サーバ仮想化市場、年平均成長率は30%以上超に:仮想化がコスト削減の引き金に
コスト削減の一環としてサーバの仮想化を選択する企業が増えそうだ。ミック経済研究所の調査によるとサーバ仮想化ソリューションの市場規模は、2013年度まで年率30%以上の成長を続ける。
市況の悪化が進む中、コスト削減の一手として注目が集まるのが仮想化だ。調査会社のミック研究所は、サーバの仮想化サービスを構成するハードウェア、ソフトウェア、構築、保守・運用を「サーバ仮想化ソリューション」と定義し、同市場を調査したところ、2013年度まで年平均30.9%で成長し、2012年度には3920億円規模になることが分かった。

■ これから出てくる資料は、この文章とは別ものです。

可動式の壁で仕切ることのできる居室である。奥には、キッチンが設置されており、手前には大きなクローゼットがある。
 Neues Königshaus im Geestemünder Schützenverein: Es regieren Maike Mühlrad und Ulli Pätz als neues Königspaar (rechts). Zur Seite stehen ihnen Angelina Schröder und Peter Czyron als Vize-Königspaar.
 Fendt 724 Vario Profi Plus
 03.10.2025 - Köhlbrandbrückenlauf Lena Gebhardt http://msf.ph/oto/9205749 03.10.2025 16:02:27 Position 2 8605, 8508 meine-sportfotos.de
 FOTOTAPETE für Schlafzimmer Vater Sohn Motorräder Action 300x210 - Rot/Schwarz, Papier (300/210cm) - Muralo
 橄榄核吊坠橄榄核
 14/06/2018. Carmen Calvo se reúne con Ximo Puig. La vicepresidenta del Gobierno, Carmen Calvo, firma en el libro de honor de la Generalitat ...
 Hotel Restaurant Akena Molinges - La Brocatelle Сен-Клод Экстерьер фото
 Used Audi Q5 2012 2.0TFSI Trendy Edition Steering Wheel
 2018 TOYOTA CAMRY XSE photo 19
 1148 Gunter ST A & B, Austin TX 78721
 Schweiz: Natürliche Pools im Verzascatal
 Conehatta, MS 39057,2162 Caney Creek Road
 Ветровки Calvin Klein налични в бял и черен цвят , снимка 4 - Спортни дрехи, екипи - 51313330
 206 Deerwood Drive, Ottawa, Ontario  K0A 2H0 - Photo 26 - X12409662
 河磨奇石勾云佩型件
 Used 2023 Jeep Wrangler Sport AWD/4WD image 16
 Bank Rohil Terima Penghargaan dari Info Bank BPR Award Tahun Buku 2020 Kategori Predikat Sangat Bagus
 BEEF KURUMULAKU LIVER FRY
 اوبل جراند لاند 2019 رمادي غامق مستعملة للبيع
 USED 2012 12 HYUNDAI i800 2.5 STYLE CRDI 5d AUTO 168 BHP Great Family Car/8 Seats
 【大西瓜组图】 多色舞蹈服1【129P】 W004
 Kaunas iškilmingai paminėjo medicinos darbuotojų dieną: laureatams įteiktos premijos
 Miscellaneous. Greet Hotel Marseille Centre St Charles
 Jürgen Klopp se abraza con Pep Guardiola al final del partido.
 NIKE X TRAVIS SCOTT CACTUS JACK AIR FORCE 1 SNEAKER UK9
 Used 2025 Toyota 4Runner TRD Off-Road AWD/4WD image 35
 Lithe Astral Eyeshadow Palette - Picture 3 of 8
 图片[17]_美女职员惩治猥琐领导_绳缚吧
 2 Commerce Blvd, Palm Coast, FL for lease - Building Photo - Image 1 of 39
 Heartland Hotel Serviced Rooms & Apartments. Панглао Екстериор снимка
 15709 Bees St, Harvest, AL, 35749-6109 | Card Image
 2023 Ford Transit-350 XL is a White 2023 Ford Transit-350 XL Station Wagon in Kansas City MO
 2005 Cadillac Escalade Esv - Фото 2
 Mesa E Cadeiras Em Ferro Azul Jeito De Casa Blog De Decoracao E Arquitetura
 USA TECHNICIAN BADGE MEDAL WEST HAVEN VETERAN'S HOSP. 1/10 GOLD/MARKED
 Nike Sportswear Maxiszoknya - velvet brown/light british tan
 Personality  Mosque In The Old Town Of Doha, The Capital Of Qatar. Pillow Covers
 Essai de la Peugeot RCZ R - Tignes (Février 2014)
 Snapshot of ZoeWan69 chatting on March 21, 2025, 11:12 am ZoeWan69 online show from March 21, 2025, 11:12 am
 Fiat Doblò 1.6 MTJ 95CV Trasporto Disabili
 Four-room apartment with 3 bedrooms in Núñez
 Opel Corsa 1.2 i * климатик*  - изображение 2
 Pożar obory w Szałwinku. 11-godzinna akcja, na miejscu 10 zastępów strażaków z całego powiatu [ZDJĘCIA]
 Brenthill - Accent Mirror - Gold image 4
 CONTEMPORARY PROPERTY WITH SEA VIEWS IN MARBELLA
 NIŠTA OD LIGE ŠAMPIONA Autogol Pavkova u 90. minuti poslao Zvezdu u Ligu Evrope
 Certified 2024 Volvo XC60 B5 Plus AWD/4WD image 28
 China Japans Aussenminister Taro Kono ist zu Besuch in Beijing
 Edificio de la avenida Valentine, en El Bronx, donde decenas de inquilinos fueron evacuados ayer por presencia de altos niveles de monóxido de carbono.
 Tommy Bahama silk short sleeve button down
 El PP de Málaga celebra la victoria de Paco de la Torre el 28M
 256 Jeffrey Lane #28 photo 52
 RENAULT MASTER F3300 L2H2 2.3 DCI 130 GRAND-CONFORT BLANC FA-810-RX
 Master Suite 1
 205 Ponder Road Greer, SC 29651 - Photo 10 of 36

同研究所は、サーバ仮想化ソリューション市場が本格的に成長し始めたのは2008年度と分析。2007年度に試験段階だった仮想化環境のシステムが本番環境に移行するなど、案件ベースで仮想化の採用が増えたことが、市場規模を拡大させた。数千台規模の大規模なサーバ統合の案件を獲得したITベンダーが出てきたことや、「Hyper-V」や「Oracle VM」といった仮想化ソフトウェアが普及したこともあり、2008年度の市場規模は前年比159.9%の1248億円に達した。
コスト削減に対する企業の意欲は旺盛で、2009年度以降も市場規模は膨らむ見通し。2008年度下期以降、入れ替える予定だったサーバを仮想化環境に移行することで、ハードウェアの投資コストを削減しようとするユーザー企業が増えているという。シンクライアント(記憶装置を持たない端末)やディザスタリカバリ(災害復旧)の用途でも、仮想化ソリューションの利用が拡大するという。
調査は、国内のハードウェアベンダー、仮想化ソフトウェアベンダー、システムインテグレーター計50社に実施。VMwareやHyper-V、オープンソースの仮想化ソフトウェア「Xen」など代表的は仮想化ソフトウェア9つについて、サービスや業種、用途などに分けて、市場規模を分析した。